== DATA BLOCK ==
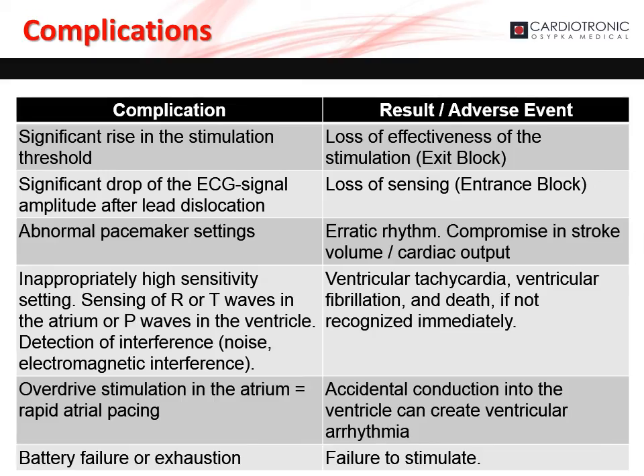Complications can arise from temporary cardiac pacing that the user should be aware of. There could be a significant rise in the patient's capture threshold leading to loss of effective stimulation, or a significant drop in the ECG signal amplitude after lead dislocation resulting in loss of sensing. An abnormal pacemaker setting can cause erratic rhythms and compromised stroke volume and cardiac output. Inappropriate high sensitivity settings — sensing of the R or T wave in the atrium or P wave in the ventricle, and detection of interference — can lead to ventricular tachycardia, ventricular fibrillation, and death if not immediately recognized. Overdrive stimulation in the atrium or rapid atrial pacing can cause accidental conduction into the ventricle, causing ventricular arrhythmia. Battery failure or exhaustion leads to failure to stimulate.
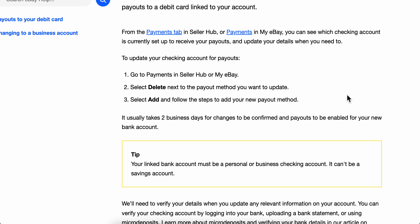How to link a bank account on eBay: simply go to Payments in the Seller Hub or My eBay section, then select Delete next to the payout method you want to update. Then select Add and follow the steps to add your new payout method. Basically, that's all you have to do.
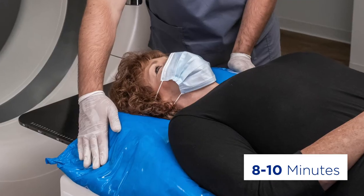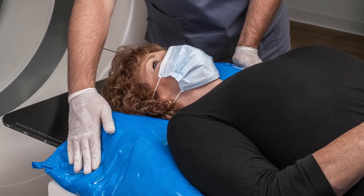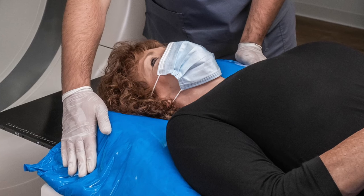The foam takes about 8 or 10 minutes to cure, so make sure your patient remains motionless. Once the foam has fully hardened, your SecureFoam Pouch Pro is ready to use.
===
Output the full listing verbatim, but drop the images.

Complications can arise from temporary cardiac pacing that the user should be aware of. There could be a significant rise in the patient's capture threshold leading to loss of effective stimulation, or a significant drop in the ECG signal amplitude after lead dislocation resulting in loss of sensing. An abnormal pacemaker setting can cause erratic rhythms and compromised stroke volume and cardiac output. Inappropriate high sensitivity settings — sensing of the R or T wave in the atrium or P wave in the ventricle, and detection of interference — can lead to ventricular tachycardia, ventricular fibrillation, and death if not immediately recognized. Overdrive stimulation in the atrium or rapid atrial pacing can cause accidental conduction into the ventricle, causing ventricular arrhythmia. Battery failure or exhaustion leads to failure to stimulate.
How to link a bank account on eBay: simply go to Payments in the Seller Hub or My eBay section, then select Delete next to the payout method you want to update. Then select Add and follow the steps to add your new payout method. Basically, that's all you have to do.
The foam takes about 8 or 10 minutes to cure, so make sure your patient remains motionless. Once the foam has fully hardened, your SecureFoam Pouch Pro is ready to use.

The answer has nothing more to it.